Parents in Louisiana who have young children are likely to want to leave certain high-value assets to those children. However, they should make sure that the estate plan they develop is more complex than just a will. In fact, including a trust as part of an estate plan can help parents ensure that the assets they leave to children or young adults will not be irresponsibly managed.
A trust can be used to create financial guidelines and boundaries for young beneficiaries. One of the duties of a trustee can be to work with the beneficiaries to create a flow of income that will address their needs and that will allow the trust principal to be maintained. The trustee can also be obligated to instruct the beneficiaries about financial matters so that when they are allowed more access to the inherited assets, they are able to manage them responsibly.
A trust can be crafted so that there are mechanisms that can help the beneficiaries become better able to handle their inheritance sensibly. One way to use the trust is to stipulate that the children should become co-trustees when they reach a certain age.

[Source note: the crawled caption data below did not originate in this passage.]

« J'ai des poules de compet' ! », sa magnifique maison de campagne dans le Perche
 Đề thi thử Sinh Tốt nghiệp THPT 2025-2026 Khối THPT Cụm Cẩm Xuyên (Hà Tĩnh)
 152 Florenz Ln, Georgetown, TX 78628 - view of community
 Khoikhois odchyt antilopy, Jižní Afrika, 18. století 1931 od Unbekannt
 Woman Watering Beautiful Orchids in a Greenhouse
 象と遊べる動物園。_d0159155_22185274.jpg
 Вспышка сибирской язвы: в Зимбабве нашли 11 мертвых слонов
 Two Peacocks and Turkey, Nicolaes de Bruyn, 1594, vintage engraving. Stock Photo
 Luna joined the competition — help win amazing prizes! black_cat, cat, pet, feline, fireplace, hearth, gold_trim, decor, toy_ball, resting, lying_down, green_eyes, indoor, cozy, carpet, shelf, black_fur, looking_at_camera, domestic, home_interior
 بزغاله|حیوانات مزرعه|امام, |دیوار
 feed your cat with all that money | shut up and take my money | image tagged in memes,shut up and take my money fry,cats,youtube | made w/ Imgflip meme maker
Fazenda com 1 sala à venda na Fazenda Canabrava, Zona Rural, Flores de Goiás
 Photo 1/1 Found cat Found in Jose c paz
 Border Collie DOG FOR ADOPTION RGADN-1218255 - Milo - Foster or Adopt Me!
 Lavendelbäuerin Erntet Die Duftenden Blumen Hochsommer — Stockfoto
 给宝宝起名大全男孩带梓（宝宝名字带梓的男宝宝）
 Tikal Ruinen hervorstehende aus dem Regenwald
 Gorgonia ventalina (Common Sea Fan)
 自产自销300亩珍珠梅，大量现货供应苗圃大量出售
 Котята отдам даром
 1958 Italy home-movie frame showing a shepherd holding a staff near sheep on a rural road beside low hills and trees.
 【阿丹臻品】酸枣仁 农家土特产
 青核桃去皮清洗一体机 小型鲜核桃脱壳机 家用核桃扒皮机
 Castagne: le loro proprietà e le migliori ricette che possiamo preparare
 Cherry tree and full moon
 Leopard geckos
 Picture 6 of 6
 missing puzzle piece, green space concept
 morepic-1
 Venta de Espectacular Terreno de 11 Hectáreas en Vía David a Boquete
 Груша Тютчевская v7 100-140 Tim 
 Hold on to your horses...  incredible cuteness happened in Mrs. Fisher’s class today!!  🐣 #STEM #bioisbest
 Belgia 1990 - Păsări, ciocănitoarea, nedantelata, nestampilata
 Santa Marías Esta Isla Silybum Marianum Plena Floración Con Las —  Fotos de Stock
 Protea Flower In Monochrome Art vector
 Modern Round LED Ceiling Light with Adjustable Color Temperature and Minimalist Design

Taking this action ensures they will have the same authority as the trustee to decide on how the trust assets should be managed. Parents may also create a trust so that it allows the slow distribution of large amounts of the assets to the beneficiaries so that they can become used to handling the funds.
An attorney who practices estate planning law may be able to assist clients with creating certain legal devices, such as trusts, that might be used to ensure how assets will be managed for beneficiaries who may not have the financial maturity to manage a large inheritance well. Assistance may be provided for adequately drafting trust provisions.